* _What this task involves_: Transcribe the records that follow exactly. Skip the pictures.

(Records supplied Opens)

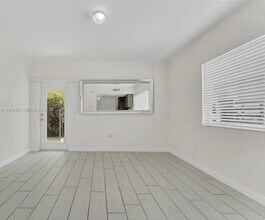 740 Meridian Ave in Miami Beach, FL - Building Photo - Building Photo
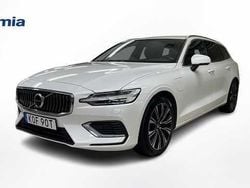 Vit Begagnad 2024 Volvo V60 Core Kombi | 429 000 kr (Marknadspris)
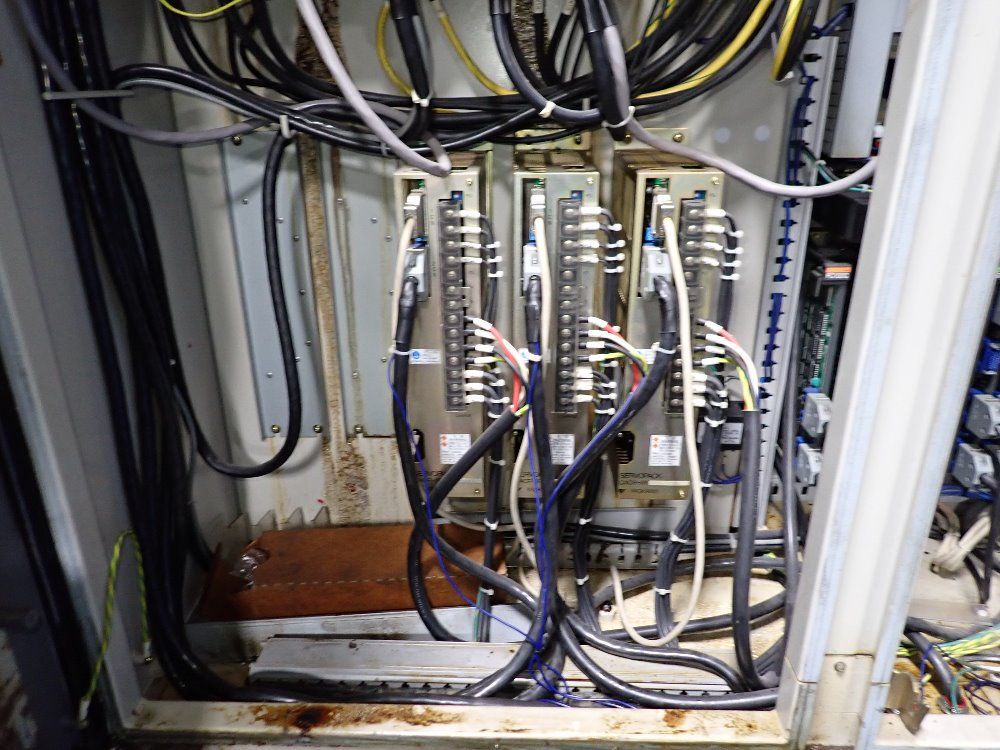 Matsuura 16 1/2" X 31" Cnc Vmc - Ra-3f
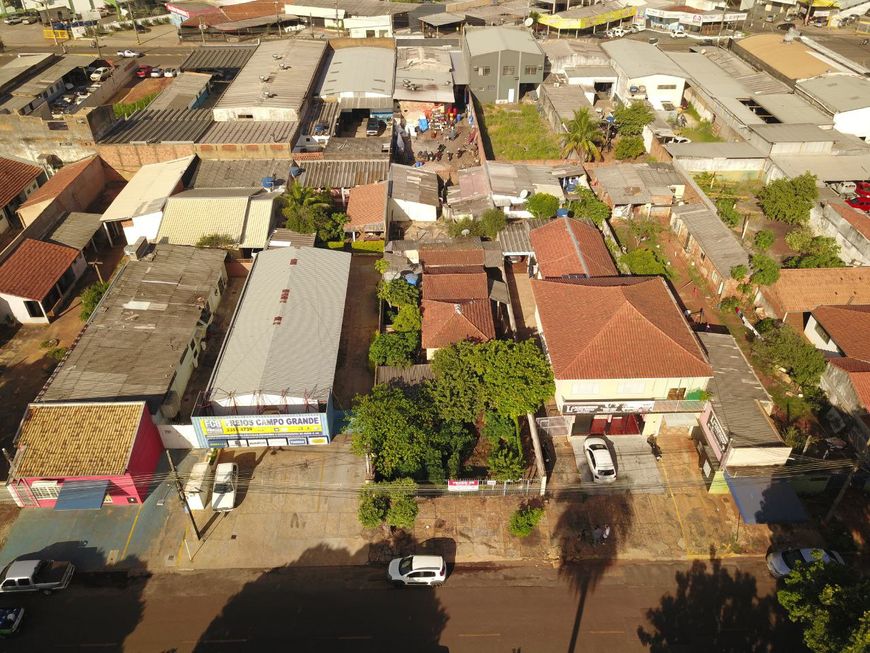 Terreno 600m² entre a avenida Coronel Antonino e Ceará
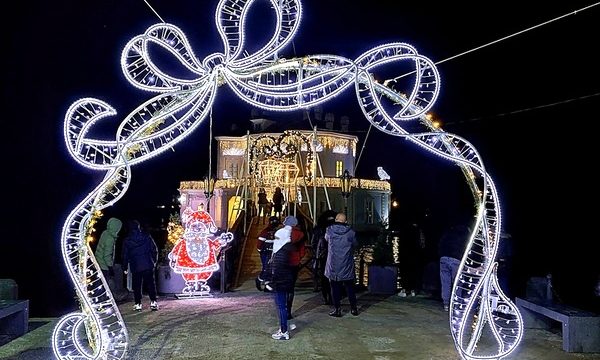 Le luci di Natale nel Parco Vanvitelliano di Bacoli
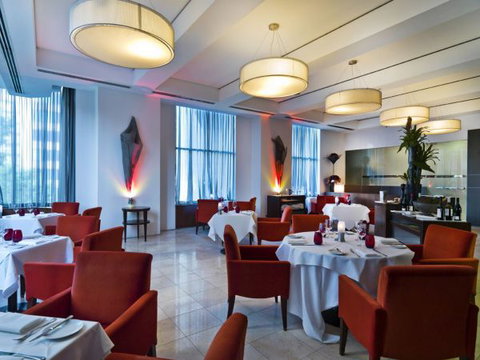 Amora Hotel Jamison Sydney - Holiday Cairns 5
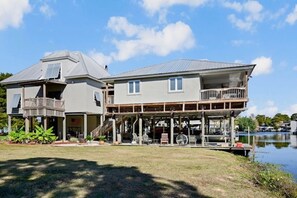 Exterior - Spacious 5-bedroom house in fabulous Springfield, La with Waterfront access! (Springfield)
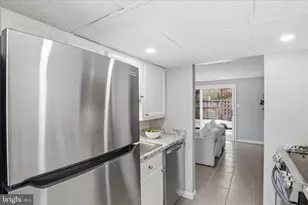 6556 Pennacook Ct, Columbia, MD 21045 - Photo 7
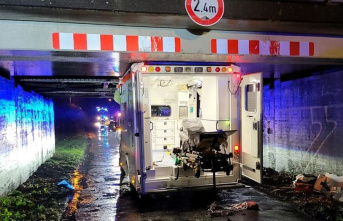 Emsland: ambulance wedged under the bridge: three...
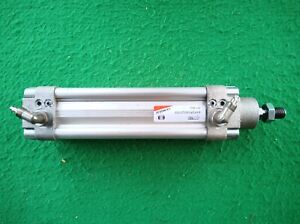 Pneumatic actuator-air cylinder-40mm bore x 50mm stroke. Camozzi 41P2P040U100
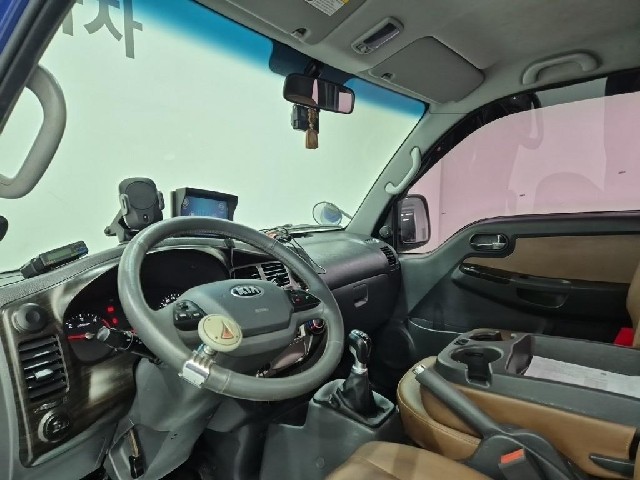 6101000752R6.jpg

(Records supplied Closes)

* _Response to this task_:
 740 Meridian Ave in Miami Beach, FL - Building Photo - Building Photo
 Vit Begagnad 2024 Volvo V60 Core Kombi | 429 000 kr (Marknadspris)
 Matsuura 16 1/2" X 31" Cnc Vmc - Ra-3f
 Terreno 600m² entre a avenida Coronel Antonino e Ceará
 Le luci di Natale nel Parco Vanvitelliano di Bacoli
 Amora Hotel Jamison Sydney - Holiday Cairns 5
 Exterior - Spacious 5-bedroom house in fabulous Springfield, La with Waterfront access! (Springfield)
 6556 Pennacook Ct, Columbia, MD 21045 - Photo 7
 Emsland: ambulance wedged under the bridge: three...
 Pneumatic actuator-air cylinder-40mm bore x 50mm stroke. Camozzi 41P2P040U100
 6101000752R6.jpg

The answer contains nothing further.